> Work order
Examine each line in the records below for the word "Sterling". Report how many lines contain it, and nothing else.

> Records for this task
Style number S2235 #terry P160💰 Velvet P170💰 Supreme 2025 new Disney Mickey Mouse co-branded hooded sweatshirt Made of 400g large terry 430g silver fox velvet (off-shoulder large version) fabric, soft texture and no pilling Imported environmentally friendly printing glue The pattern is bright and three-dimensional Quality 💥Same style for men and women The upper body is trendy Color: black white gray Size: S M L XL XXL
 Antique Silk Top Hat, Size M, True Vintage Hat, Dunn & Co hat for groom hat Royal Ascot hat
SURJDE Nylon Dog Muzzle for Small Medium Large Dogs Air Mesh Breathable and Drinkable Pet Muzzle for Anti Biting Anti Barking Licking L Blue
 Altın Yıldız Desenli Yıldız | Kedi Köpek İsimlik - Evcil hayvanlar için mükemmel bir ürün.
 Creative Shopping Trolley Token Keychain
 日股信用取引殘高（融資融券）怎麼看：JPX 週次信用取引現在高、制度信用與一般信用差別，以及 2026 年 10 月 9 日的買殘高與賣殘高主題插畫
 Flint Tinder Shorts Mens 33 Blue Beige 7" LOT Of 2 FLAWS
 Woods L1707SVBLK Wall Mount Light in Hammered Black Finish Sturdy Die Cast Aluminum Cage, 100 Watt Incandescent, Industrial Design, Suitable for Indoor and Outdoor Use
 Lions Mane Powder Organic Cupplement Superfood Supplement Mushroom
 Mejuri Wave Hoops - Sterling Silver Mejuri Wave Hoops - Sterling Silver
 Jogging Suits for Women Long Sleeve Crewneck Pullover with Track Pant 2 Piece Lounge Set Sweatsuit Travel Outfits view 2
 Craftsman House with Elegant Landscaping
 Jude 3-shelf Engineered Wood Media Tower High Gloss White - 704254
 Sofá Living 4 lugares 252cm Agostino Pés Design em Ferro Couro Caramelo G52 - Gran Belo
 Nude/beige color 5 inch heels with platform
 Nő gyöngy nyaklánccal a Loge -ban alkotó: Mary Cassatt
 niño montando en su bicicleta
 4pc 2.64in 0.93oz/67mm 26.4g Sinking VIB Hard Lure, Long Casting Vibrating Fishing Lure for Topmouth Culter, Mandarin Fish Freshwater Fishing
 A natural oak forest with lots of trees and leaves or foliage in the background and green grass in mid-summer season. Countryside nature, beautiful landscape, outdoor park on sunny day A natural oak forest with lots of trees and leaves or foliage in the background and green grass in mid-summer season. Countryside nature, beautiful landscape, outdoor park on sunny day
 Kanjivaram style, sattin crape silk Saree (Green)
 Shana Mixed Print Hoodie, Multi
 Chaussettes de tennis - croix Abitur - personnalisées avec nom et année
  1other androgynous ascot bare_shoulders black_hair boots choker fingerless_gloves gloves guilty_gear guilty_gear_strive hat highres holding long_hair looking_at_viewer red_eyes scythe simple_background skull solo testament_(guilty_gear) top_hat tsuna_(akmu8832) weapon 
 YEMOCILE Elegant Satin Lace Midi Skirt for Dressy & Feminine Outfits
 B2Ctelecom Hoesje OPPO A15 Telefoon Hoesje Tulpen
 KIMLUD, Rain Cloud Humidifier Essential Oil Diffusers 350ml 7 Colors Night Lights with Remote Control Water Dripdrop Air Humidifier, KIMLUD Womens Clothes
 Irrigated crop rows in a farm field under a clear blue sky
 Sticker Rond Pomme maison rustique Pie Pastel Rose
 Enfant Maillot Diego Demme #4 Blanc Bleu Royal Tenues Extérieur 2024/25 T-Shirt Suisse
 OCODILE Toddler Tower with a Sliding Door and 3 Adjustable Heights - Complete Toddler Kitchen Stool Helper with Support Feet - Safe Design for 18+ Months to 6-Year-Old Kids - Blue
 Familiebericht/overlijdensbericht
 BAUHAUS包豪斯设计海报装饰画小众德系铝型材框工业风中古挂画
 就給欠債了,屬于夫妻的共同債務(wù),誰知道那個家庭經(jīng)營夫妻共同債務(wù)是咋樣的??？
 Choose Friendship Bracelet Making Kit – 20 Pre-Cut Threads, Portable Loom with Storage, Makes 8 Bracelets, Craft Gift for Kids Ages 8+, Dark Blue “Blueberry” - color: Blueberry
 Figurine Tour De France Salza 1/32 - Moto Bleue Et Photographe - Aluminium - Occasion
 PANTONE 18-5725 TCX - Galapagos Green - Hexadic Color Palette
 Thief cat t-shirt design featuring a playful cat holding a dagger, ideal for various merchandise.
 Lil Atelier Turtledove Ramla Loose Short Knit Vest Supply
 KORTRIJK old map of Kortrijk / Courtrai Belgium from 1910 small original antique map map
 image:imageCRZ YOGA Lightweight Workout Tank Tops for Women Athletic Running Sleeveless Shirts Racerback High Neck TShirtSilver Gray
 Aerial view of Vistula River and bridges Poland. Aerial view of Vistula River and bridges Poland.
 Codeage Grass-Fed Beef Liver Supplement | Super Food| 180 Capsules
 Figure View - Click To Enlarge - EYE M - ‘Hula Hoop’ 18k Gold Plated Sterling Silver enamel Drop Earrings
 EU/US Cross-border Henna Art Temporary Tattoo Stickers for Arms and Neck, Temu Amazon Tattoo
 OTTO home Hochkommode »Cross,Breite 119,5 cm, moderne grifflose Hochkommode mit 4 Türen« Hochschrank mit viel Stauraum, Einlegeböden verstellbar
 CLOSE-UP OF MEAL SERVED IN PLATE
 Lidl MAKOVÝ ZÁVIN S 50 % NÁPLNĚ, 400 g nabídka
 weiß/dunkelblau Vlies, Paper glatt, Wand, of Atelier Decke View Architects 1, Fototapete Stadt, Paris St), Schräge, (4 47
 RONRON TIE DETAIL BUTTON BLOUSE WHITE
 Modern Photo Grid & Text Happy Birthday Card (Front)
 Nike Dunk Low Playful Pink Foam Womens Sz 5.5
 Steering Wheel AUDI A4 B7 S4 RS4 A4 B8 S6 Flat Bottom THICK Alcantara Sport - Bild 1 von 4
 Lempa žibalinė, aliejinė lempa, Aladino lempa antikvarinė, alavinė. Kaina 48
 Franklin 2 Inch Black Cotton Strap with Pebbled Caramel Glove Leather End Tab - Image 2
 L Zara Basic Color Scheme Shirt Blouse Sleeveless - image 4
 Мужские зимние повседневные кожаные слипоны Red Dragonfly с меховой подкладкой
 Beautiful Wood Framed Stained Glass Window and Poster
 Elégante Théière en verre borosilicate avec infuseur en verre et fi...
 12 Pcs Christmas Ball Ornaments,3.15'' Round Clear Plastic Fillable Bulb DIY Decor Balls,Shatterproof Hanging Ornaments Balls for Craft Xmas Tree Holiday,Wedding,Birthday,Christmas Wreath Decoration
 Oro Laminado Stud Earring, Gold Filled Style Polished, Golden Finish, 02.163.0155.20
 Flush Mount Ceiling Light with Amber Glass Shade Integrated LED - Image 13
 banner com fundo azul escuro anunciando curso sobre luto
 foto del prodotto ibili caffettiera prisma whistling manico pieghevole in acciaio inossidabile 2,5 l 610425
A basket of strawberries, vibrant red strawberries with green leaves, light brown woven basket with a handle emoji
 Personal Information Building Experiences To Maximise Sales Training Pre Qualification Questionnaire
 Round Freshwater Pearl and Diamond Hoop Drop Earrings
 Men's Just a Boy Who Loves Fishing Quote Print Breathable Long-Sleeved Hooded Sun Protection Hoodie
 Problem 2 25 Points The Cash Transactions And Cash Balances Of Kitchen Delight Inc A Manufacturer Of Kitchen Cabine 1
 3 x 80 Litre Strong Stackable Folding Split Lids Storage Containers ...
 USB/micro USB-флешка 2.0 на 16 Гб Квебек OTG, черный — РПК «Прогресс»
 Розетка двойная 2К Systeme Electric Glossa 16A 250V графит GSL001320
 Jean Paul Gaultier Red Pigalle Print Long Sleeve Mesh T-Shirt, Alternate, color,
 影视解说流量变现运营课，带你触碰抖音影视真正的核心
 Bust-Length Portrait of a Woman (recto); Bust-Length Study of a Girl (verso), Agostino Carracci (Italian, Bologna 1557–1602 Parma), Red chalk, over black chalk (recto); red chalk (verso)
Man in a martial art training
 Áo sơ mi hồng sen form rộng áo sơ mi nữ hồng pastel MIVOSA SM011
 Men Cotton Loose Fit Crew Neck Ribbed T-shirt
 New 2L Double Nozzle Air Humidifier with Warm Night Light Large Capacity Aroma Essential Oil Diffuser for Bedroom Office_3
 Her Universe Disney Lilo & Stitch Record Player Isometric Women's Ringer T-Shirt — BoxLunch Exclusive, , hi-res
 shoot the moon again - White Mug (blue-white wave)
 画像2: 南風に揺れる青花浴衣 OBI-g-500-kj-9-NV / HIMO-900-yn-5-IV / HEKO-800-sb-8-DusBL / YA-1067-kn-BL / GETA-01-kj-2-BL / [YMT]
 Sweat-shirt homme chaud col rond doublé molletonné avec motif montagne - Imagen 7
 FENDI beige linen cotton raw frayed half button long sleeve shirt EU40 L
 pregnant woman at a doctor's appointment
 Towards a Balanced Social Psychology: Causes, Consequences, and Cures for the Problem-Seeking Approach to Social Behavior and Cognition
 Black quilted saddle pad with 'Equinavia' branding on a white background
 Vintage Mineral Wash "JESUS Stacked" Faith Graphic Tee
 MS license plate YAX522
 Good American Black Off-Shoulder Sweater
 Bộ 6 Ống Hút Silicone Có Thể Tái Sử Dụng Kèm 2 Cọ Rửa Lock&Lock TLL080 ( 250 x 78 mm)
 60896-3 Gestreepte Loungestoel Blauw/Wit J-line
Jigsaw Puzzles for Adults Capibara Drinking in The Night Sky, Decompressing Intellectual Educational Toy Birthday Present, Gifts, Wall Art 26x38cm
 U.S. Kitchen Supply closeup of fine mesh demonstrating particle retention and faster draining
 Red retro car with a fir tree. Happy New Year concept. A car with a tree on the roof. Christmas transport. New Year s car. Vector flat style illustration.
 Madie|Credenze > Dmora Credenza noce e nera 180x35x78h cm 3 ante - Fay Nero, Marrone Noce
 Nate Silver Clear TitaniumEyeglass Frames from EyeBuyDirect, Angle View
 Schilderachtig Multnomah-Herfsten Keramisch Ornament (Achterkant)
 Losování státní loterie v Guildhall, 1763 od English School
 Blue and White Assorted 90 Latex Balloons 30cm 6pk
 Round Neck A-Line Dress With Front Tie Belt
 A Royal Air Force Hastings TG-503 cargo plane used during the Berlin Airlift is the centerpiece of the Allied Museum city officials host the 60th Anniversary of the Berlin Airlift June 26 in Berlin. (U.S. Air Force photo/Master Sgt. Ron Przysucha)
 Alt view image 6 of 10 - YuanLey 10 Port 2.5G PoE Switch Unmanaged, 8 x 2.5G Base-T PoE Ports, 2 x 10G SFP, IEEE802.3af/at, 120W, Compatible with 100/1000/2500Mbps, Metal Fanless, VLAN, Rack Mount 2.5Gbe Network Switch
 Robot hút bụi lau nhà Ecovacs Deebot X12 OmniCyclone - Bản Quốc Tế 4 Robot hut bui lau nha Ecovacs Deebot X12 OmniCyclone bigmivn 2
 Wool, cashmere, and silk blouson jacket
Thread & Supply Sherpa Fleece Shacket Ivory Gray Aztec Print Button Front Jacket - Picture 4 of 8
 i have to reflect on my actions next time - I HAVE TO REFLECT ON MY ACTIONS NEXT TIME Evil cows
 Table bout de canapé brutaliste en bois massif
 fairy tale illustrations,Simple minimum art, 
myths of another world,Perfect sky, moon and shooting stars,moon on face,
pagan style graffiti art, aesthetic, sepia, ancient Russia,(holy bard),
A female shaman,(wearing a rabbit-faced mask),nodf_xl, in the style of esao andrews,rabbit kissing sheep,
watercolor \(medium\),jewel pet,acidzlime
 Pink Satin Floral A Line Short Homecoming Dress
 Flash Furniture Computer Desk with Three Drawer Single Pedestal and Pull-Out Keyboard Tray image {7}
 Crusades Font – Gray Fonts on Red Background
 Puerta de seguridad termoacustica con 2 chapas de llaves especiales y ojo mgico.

> Solution to the exercise
2